Planning for Divorce Part 2: 5 Things NOT to do Before Divorce
Although Wisconsin is a no-fault divorce state, your behavior and actions in the days leading up to, and during, the divorce process may be scrutinized and could impact the result. Avoid doing these five things without first speaking to an attorney.
1. Retitle Assets or Accounts
While it may be tempting to get a jump start on how you think the property division will be handled in the divorce, be careful. Retitling or prematurely removing your spouse’s name from accounts or assets without their consent can be held against you in the divorce. If you have concerns about your spouse’s wasteful or excessive spending, contact an attorney who can assist you in getting a temporary order that can impose some restrictions or conditions upon their spending and can limit their access to cash or credit. Be prepared to articulate your concerns in detail. Courts will not treat spouses differently or impose restrictions on just one spouse without compelling evidence that there is a problem and that it is necessary to preserve the marital estate.

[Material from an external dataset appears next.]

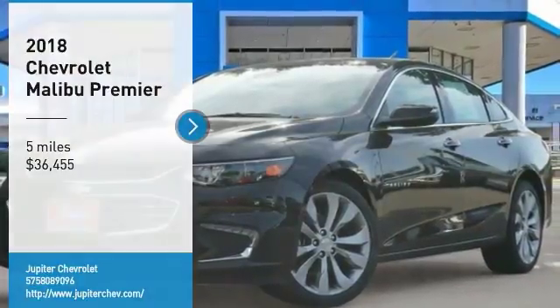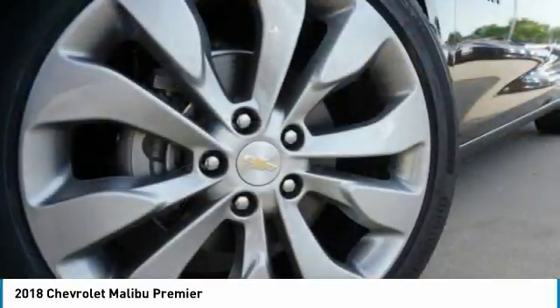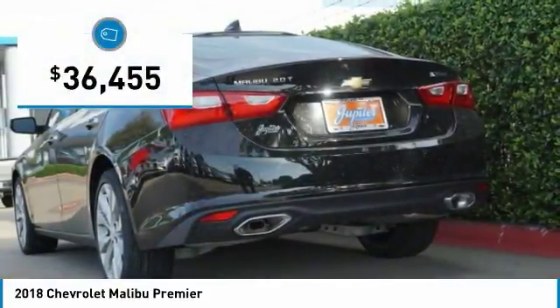Looking for the right vehicle? Check out the 2018 Malibu. A combination of performance and fuel economy, the Malibu is a great commuting car and is priced below $40,000.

2. Transfer, Dispose of or Conceal Assets
Any assets over $500 that are wasted, gifted, concealed, transferred or sold for less than fair value, or otherwise unaccounted for within the year leading up to a divorce can be factored into the property division. Courts do not tolerate spouses who deliberately attempt to get rid of assets prior to the divorce to the detriment of their spouse. This deceptive behavior tends to affect your credibility and trustworthiness in the eyes of the court and can have much larger implications on the property division. Don’t do it.
3. Send Nasty Messages to Spouse
Although no one expects you to feel warm and fuzzy about your spouse during a divorce, the law punishes spouses who harass, disparage, threaten, or intimidate each other. Additionally, the court is empowered to award sole legal custody of the children to one spouse if it’s clear that the spouses cannot communicate or cooperate respectfully with one another. Plus, it just makes you look bad – plain and simple. Do not send your spouse any message that you would not want shared with the court.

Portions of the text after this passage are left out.